Therapeutic options in patients with progressive and disseminated metastatic neuroendocrine gastroenteropancreatic (GEP) tumors are often limited, and prognosis is often poor (1,2). First-line choice of systemic chemotherapy has no obvious effect in half of the patients, and second-line rescue chemotherapy is effective in no more than a few patients. Interferon has no effect on tumor regression, even when used in combination with somatostatin analogs (3). Hepatic artery embolization is effective only in patients with large liver metastases but has no impact on extrahepatic disease (4). Consequently, radionuclide therapy may be proposed to patients with uncontrolled disease after conventional therapy (5,11).
Internal radiotherapy uses a specific agent that links to tumor cells, coupled to a radiotracer for electron-dose delivery. Two agents have been proposed for GEP tumor imaging: pentetreotide ([DTPA-d-Phe1]octreotide, where DTPA is diethylenetriaminepentaacetic acid) (6–8) and metaiodobenzylguanidine (MIBG) (9,10). MIBG can be labeled with 131I, which has a long half-time (8 d) and a maximal electron range of about 2.4 mm and is established in the treatment of tumors derived from the neural crest, such as GEP tumors (11). In France, 131I-MIBG can be used for radionuclide therapy. Octreotide labeling with 90Y has recently been proposed for radionuclide therapy (12–16) but, to date, it is not commercially available in France. Because 111In emits short-range electrons that can have significant biologic effects at a cellular level (17–19), radionuclide therapy with a high activity of 111In-pentetreotide has been used in a few patients with GEP tumors (5,20–30).

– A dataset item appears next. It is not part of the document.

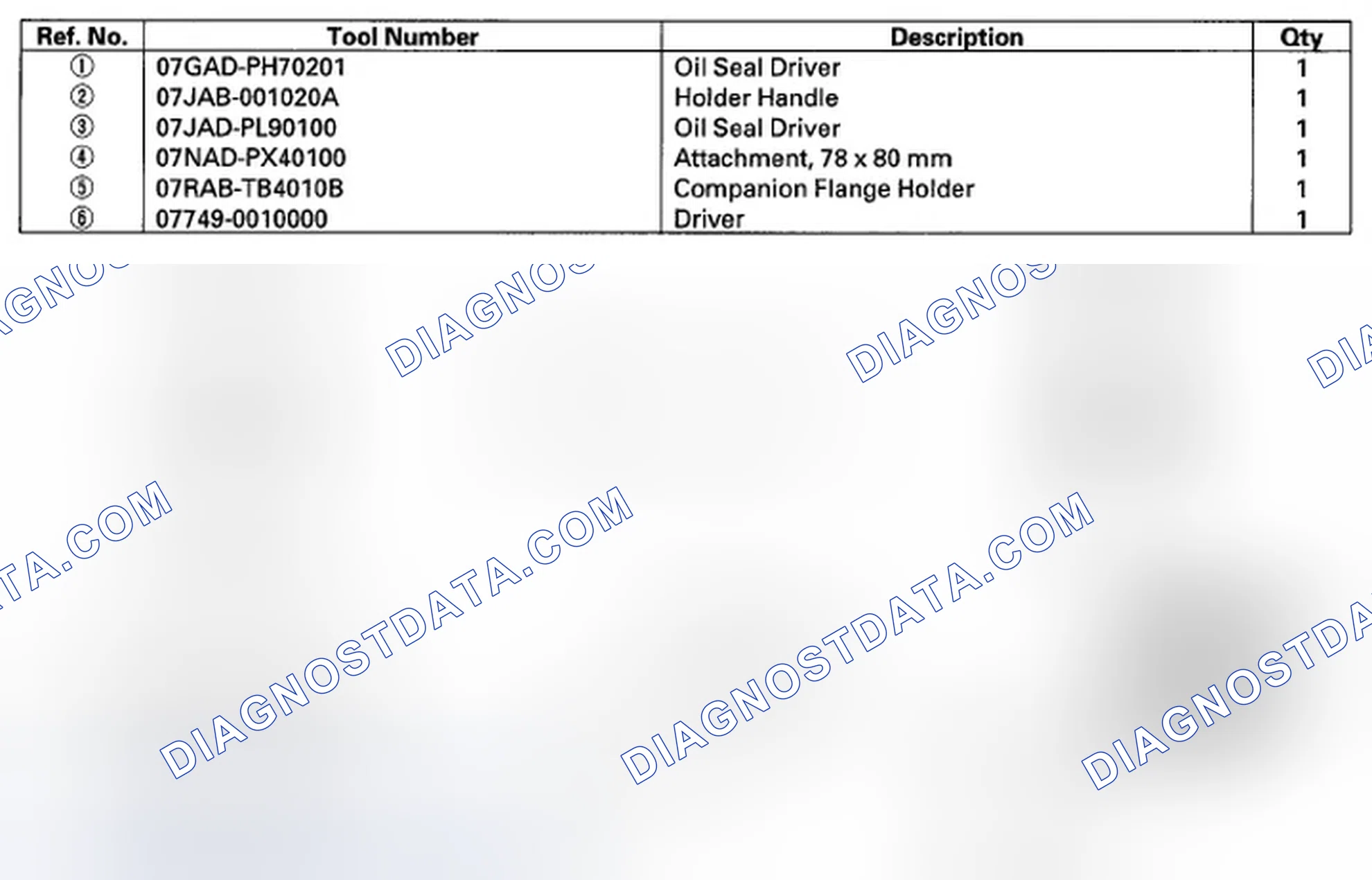 Scheme 1: Special Tools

To our knowledge, there are no randomized controlled trials with radionuclide therapy in GEP tumors. We report the results of radionuclide therapy with either 111In-pentetreotide or 131I-MIBG in a population of patients with advanced-stage GEP tumors. Although the initial intent was that all patients would undergo treatment, a subset of patients was not treated for reasons pertaining to nonmedical considerations. Therefore, treated (n = 20) and untreated (n = 12) patients were compared with respect to fatal and nonfatal adverse events.
MATERIALS AND METHODS
Population
From January 1998 to October 2002, 33 consecutive patients were referred for radionuclide therapy as rescue therapy. All had documented advanced-stage GEP tumors and were in a clinical situation of therapeutic deadlock according to established criteria (2). With the exception of 1 patient who had a contraindication for chemotherapy, all patients had been treated with first-line chemotherapy using both 5-fluororuracil and streptozotocin. All patients had progressive tumor disease uncontrolled by previous and repeated conventional therapy (14 in group A, 7 in group B), presented a temporary or definitive contraindication to chemotherapy or surgery, needed a reduction of tumor volume before surgery (4 in group A, 3 in group B), or presented uncontrolled and badly tolerated clinical symptoms such as diarrhea, nausea, vomiting, flush, or abdominal pain (2 in group A, 2 in group B). One patient was excluded because of impaired renal function with a serum creatinine level of >200 μmol/L. No patient had hemogram anomalies such as hemoglobin concentration < 10 g/L, leukopenia < 3,000 white blood cell counts/mm3, or thrombocytopenia < 80,000 platelets/mm3. Finally, 32 patients entered the study. Patient characteristics are summarized in Table 1.
Patient Characteristics
Conditions for Delivering Internal Radiotherapy
In France, 131I-MIBG is the only agent that is officially allowed for the radionuclide therapy of GEP tumors, with treatment costs paid by the national health insurance system. Conversely, 111In-pentetreotide has no agreement, and the cost for 111In-pentetreotide therapy (around $4,700) is not supported by the national health insurance system. Because the direct payment for the cost of therapy by a patient is absolutely forbidden in France, a specific administrative procedure was established to obtain suitable financing. This implied that the institutions from which the patients were referred for staging and therapy had to be charged, which was not always possible due to the local agreement of each institution. Each included patient underwent both 111In-pentetreotide and 131I-MIBG imaging to compare tumor tracer uptake. If 131I-MIBG uptake was comparable to 111In-pentetreotide uptake, with a minimum uptake of grade 3 according to Krenning et al. (28) and Valkema et al. (29) (i.e., tumor uptake clearly higher than physiologic liver uptake) and a persistent 131I-MIBG uptake on the fourth day after injection, 131I-MIBG therapy was preferred over 111In-pentetreotide (n = 5). The intent was that other patients were to receive 111In-pentetreotide therapy (n = 27).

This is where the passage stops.